Michael Newman's essay Decapitations: The portrait, the anti-portrait... and what comes after? has been published in Anti-Portraiture: Challenging the Limits of the Portrait (edited by Fiona Johnstone & Kristie Imber; Bloomsbury Visual Arts, UK). Here, Newman considers Gardner's Creole Portraits III series in the context of expanded portraiture that originates from the trace left by the subject.

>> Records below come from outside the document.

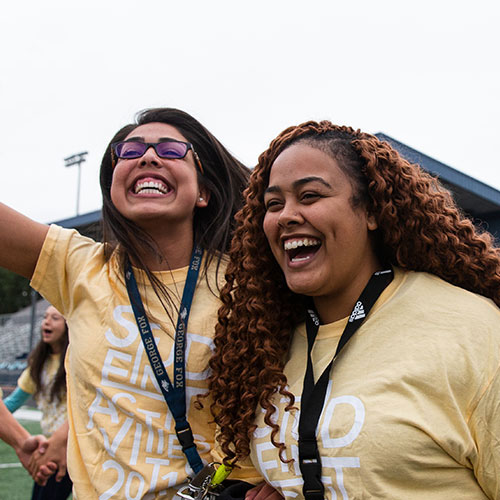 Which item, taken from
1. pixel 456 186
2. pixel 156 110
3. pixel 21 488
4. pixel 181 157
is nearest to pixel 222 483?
pixel 181 157

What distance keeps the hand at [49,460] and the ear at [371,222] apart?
6.90 ft

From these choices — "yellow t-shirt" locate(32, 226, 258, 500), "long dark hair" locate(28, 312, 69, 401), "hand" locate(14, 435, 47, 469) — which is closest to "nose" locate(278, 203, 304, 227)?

Bloomsbury Visual Arts describes the publication as follows:
"The portrait has historically been understood as an artistic representation of a human subject. Its purpose was to provide a visual or psychological likenesses or an expression of personal, familial or social identity; it was typically associated with the privileged individual subject of Western modernity. Recent scholarship in the humanities and social sciences however has responded to the complex nature of twenty-first century subjectivity and proffered fresh conceptual models and theories to analyse it.

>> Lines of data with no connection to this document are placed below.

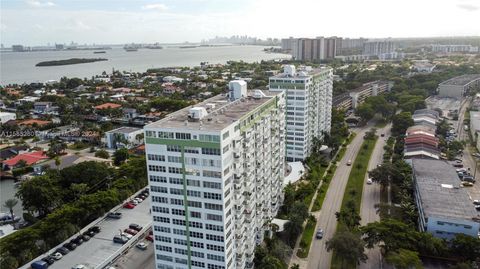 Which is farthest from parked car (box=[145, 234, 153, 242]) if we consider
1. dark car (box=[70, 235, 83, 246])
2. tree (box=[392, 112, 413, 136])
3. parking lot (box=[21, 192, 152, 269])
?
tree (box=[392, 112, 413, 136])

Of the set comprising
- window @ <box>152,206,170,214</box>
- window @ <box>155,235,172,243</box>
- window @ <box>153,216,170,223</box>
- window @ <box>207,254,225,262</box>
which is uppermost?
window @ <box>152,206,170,214</box>

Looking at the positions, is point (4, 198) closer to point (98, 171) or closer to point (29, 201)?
point (29, 201)

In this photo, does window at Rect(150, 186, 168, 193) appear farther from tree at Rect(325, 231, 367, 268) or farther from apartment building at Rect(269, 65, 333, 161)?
apartment building at Rect(269, 65, 333, 161)

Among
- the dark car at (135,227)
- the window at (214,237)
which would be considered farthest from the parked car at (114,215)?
the window at (214,237)

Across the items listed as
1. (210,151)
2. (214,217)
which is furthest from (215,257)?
(210,151)

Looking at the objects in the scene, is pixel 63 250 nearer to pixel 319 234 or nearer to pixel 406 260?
pixel 319 234

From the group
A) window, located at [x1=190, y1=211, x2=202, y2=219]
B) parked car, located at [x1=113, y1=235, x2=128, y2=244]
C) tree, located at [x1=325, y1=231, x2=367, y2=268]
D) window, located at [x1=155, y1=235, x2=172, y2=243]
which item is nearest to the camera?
window, located at [x1=190, y1=211, x2=202, y2=219]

The contributors to Anti-Portraiture examine subjectivity via a range of media including sculpture, photography and installation, and make a convincing case for an expanded definition of portraiture. By offering a timely reappraisal of the terms through which this genre is approached, the chapter authors volunteer new paradigms in which to consider selfhood, embodiment and representation. In doing so they further this exciting academic debate and challenge the curatorial practices and acquisition policies of museums and galleries."